The last development on the site was completed in 2007. By then, the property had been redeveloped in over 1 million square feet of R&D space on 82.5 acres purchased by Sun Microsystems; approximately 16 acres of housing on one corner of the site built by Citation Homes; 18 acres of multi-family housing developed by E. F. Evans, and three acres of transitional housing being maintained and provided by a county agency. One hundred fifty-two acres were sold to a consortium of Centex, Shea and Lennar, who built the award-winning Rivermark residential project, Rivermark Village Shopping Center, and a hotel. In all, the project contained over 3,000 houses, 165,000 square feet of highly successful retail space, in addition to the Sun Microsystems headquarters and hotels. The State’s receipts for the land sold exceeded $300 million, which included $22 million of participation paid on an agreement suggested by GG+A, under which the Rivermark (CSL) group agreed to share profits over a predetermined hurdle rate with the State at the conclusion of the project.

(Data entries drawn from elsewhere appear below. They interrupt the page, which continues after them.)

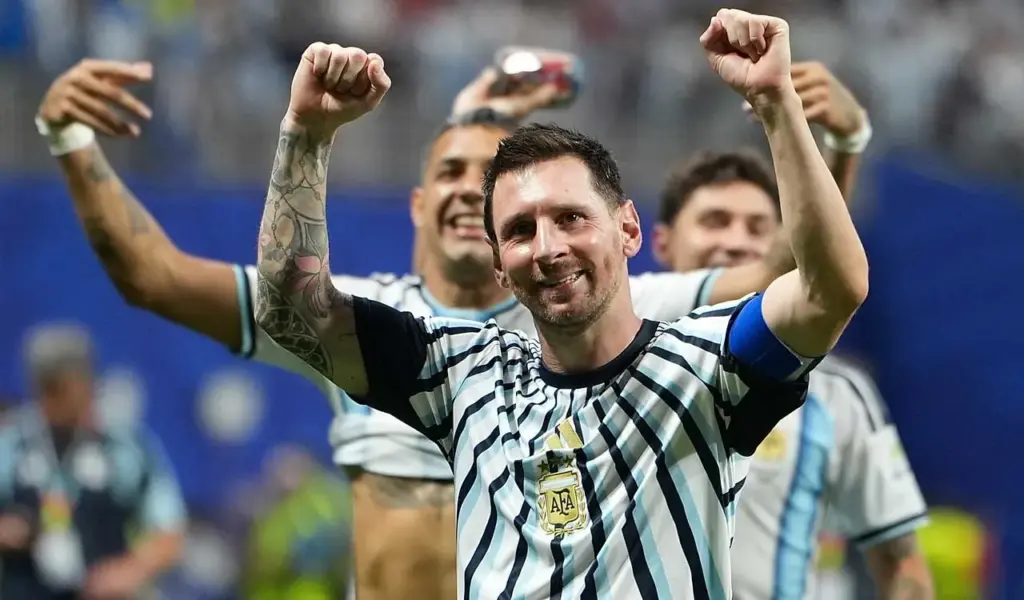 Argentina’s World Cup built on ‘suffering’ faces its biggest test in England | Pablo Iglesias Maurer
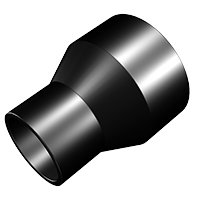 2 1 2 x 1 3 4 REDUCER FOR DUST COLLECTION by Peachtree Woodworking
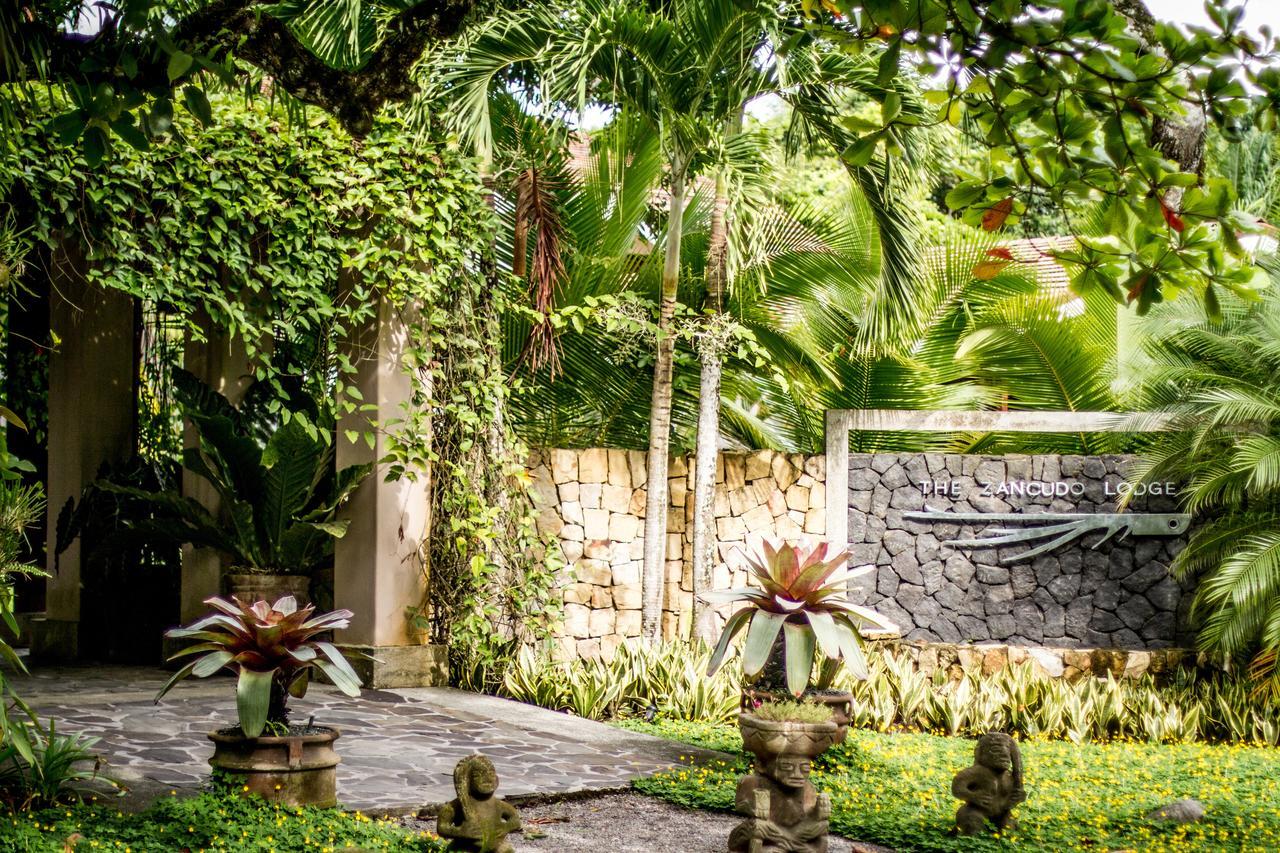 The Zancudo Lodge Exterior foto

Following the build-out of the project, the City of Santa Clara was one of only ten communities in the country to be given the All American City Award from the National Civic Legion, 2001. The mayor and council wrote to GSA, thanking the State for helping them obtain this award, and praising both the quantity and quality of the multi-award-winning mixed use community that has been built and successfully marketed on the site.